A segment producer who worked on a couple of major reality shows recently filed a suit against five producers, a production company and Warner Bros., alleging that she was harassed in a sexual manner while on the job. Sexual harassment is illegal in the Bay Area. For this reason, those who are victims of it in California have the right to seek justice through the civil court system.
A city and mayor in another state are the subjects of a recent lawsuit filed in federal court that alleges harassment on the basis of sex. According to the woman who filed the suit, she faced sexual harassment after requesting a longer shift. Anybody in the Bay Area who faces this type of harassment in the workplace has the right to seek to hold his or her alleged harasser accountable.
A woman in another state claimed that her former male manager at a Gucci store harassed her sexually. She has thus decided to file a $10 million sexual harassment lawsuit against the fashion company. Sexual harassment is illegal, so employers in the Bay Area and elsewhere who engage in this type of behavior may be held liable through the civil court system.
A hotel in another state has been named in a lawsuit alleging harassment on the basis of sex. This lawsuit was recently amended to also include charges of sexual harassment against celebrity chef Todd English. Anyone in the Bay Area who has suffered this type of harassment in the workplace has the right to seek to hold his or her employer accountable.
Workers of two IHOP eateries in two different cities claimed they were harassed in a sexual manner on the job. They have therefore decided to file a federal sexual harassment suit against the franchises. When employees in the Bay Area and elsewhere experience this type of harassment in the workplace, it is within their rights to seek to hold their employers accountable.
According to federal employees, workplace harassment based on sex is not occurring as frequently as it did in the past. However, the U.S. Merit Systems Protection Board said it is still taking place. Fortunately, employees -- both federal and private-sector workers -- in the Bay Area who experience sexual harassment have the right to seek justice.
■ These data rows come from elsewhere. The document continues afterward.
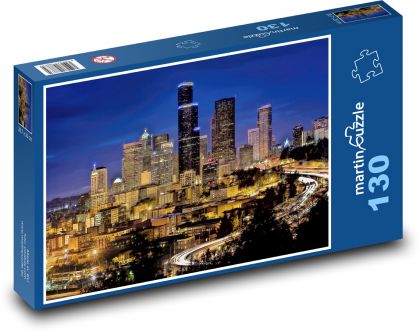 Oświetlone budynki - miasto, noc - Puzzle 130 elementów, rozmiar 28,7x20 cm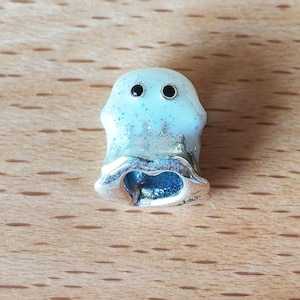 Pingente fantasma de prata, pingente de esmalte branco de prata esterlina 925, contas de prata feitas à mão, serve para pulseiras e colares europeus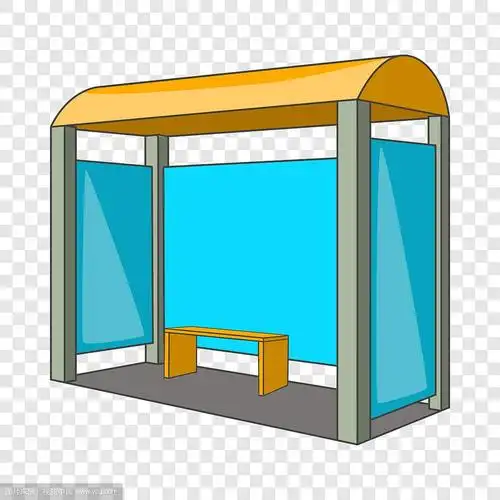 卡通风格的公交车站图标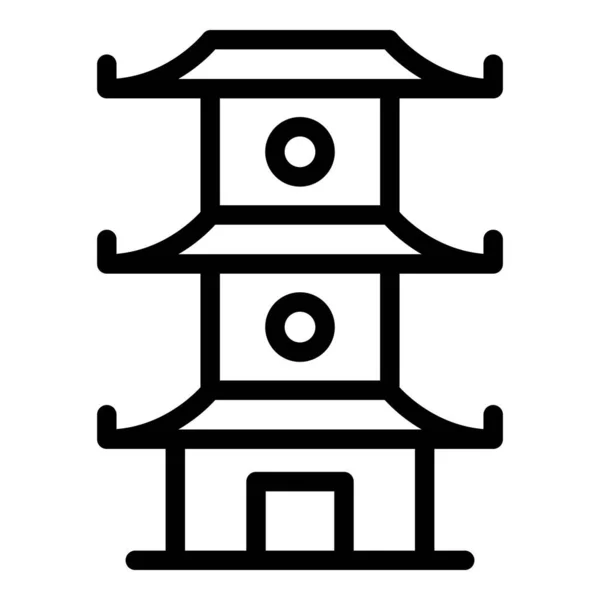 Sakura Pagoda Ikon Ana Hatları Vektörü Çin Binası Asya Sarayı — Stok Vektör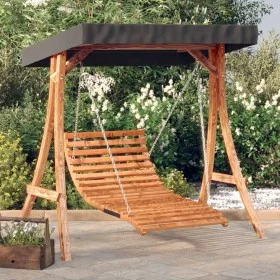 Tumbona columpio con toldo madera maciza abeto acabado de teca by vidaXL, Garden rockers - Ref: Foro24-3200626, Price: 392,84...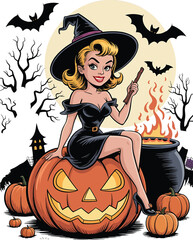 Halloween Pin Up Witch Sitting On Jack-o-lantern With Cauldron And Bats retro vintage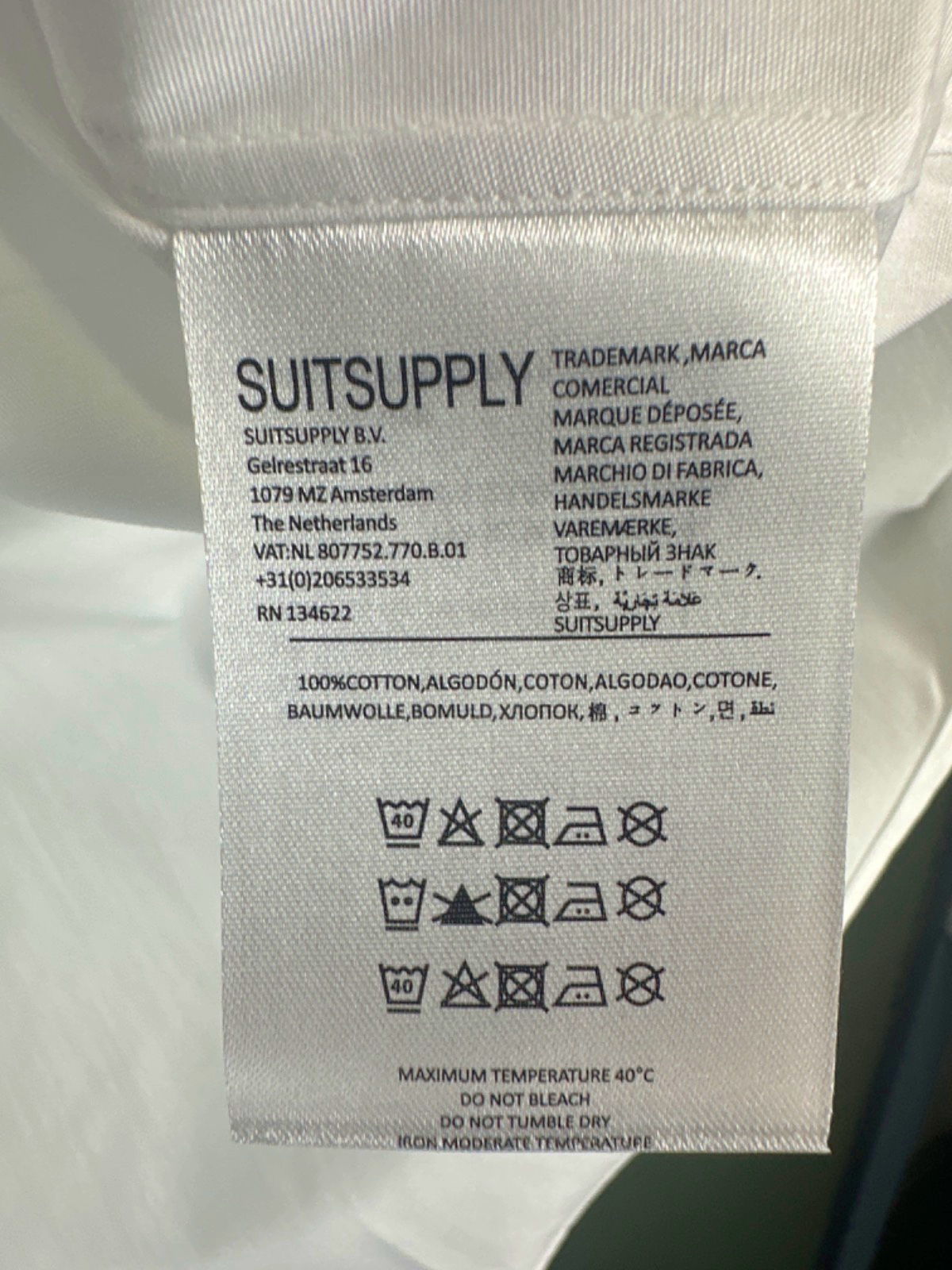 Suitsupply White Twill Slim Fit Tuxedo Shirt EU 41 UK 16” NECK / L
Four women at a Ford plant in another state accused the company of allowing a hostile environment in which they were sexually harassed. They thus filed a lawsuit back in 2014. Ford recently agreed to pay as much as over $10 million to settle this lawsuit. Any employee in the Bay Area or other areas of the country have the right to take legal action if they experience sexual harassment on the job.
Although many people in California tend to associate sexual harassment claims with female employees, the law applies to both genders. A recent case of a male mechanic who allegedly lost his job for declining the sexual advances of a female shareholder in the trucking company that employed him illustrates how the problem can upset the careers of either gender. Initially, a district court dismissed the man's case because the complaint prepared by the Equal Employment Opportunity Commission failed to properly specify whether he had experienced a hostile work environment or quid pro quo harassment.
California employees might be the victims of two different but related types of sexual harassment in the workplace at the same time. Hostile workplace harassment may involve creating a difficult work environment for a person through comments or behavior while quid pro quo harassment refers to a worker suffering a consequence such as demotion or firing after refusing a supervisor's sexual advances.
In California, employers are responsible for creating safe workplace environments. This includes sexual harassment, which includes any unwelcome advances or conduct that is sexual in nature. When sexual harassment incidents occur at work, some employees may find that the workplace becomes intimidating, offensive or even hostile.